▶ **Study material**:
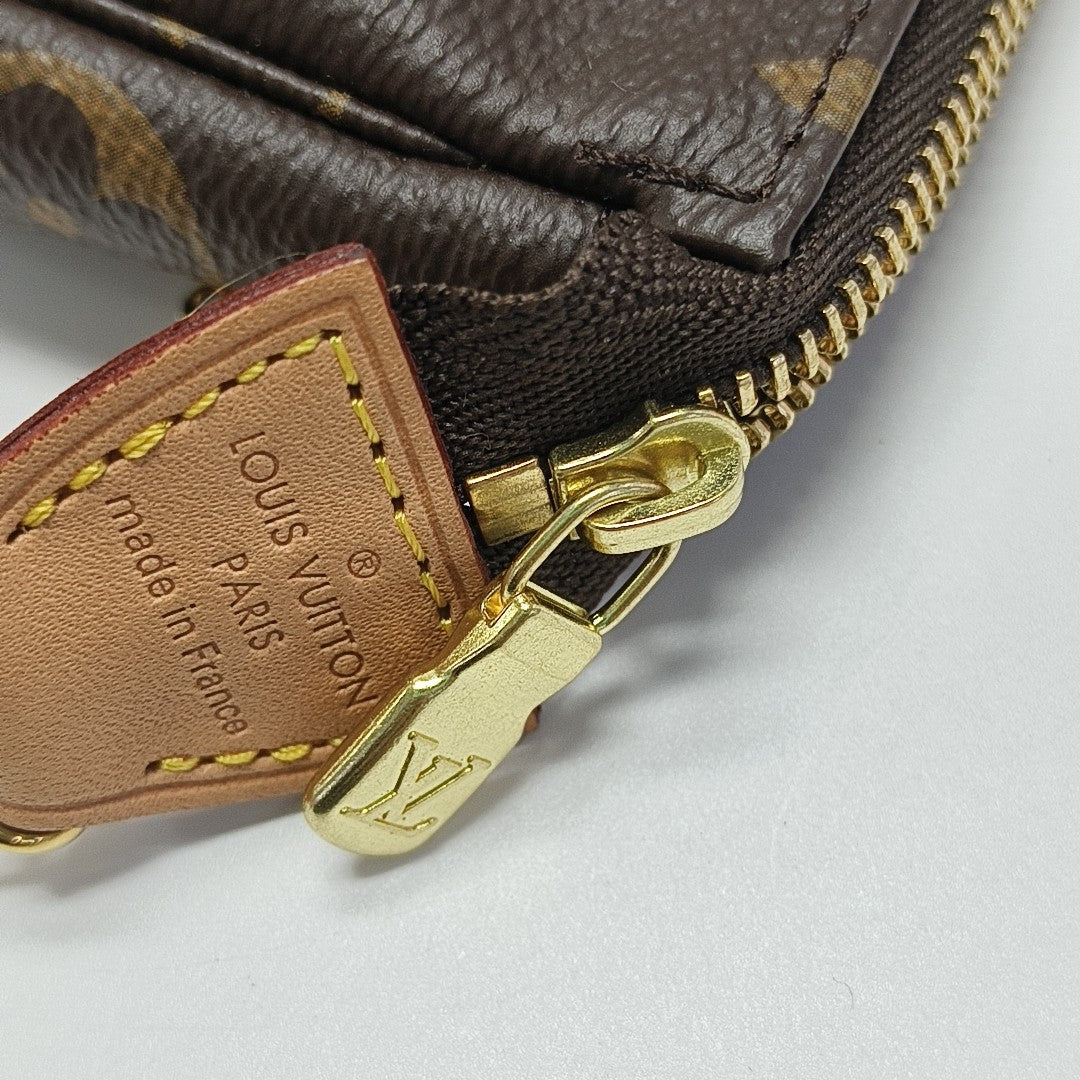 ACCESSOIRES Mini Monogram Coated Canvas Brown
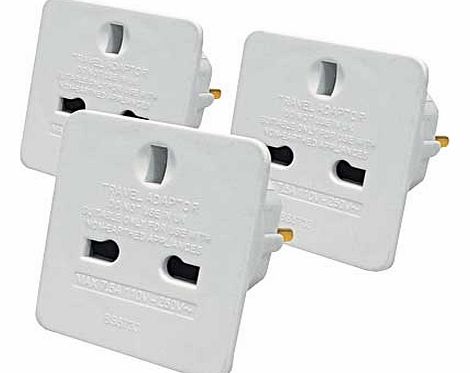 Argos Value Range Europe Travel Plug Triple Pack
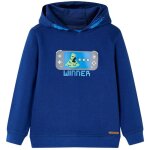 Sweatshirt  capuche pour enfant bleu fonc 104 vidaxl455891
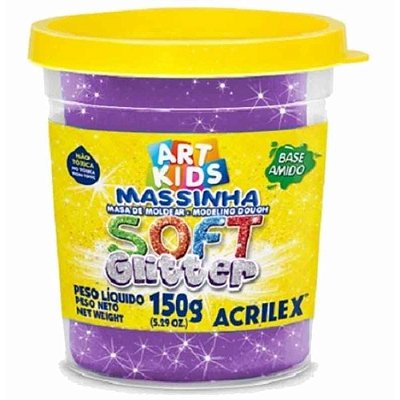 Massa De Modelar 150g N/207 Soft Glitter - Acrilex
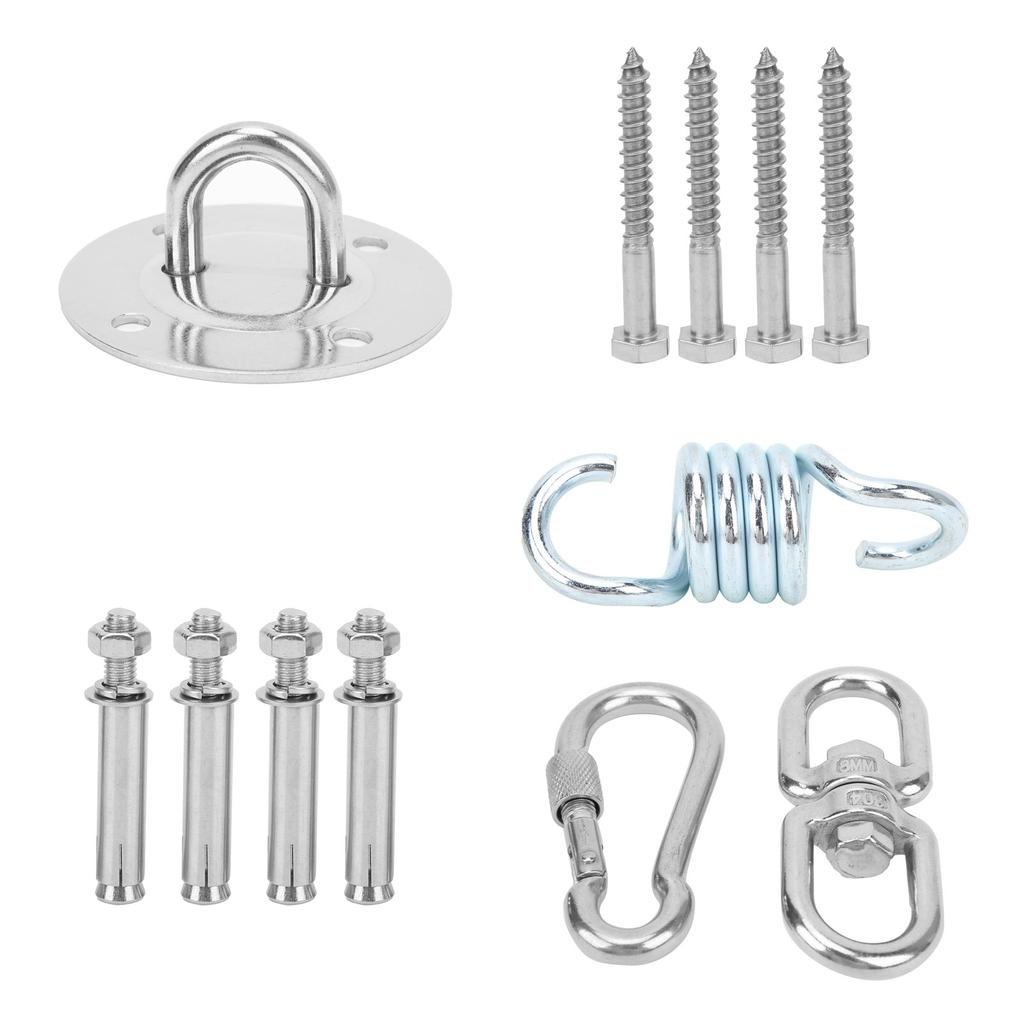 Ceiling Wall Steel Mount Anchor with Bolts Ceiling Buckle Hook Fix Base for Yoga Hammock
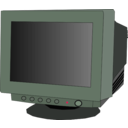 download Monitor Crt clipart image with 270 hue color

--

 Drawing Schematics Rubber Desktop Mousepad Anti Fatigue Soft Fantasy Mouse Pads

...

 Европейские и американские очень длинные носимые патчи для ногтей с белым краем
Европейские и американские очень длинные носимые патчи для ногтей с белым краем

▶ **What you are asked to do**: Where in the entries does the word "носимые" occur? Copy out each line that has it.

▶ **Result for this task**:
 Европейские и американские очень длинные носимые патчи для ногтей с белым краем
Европейские и американские очень длинные носимые патчи для ногтей с белым краем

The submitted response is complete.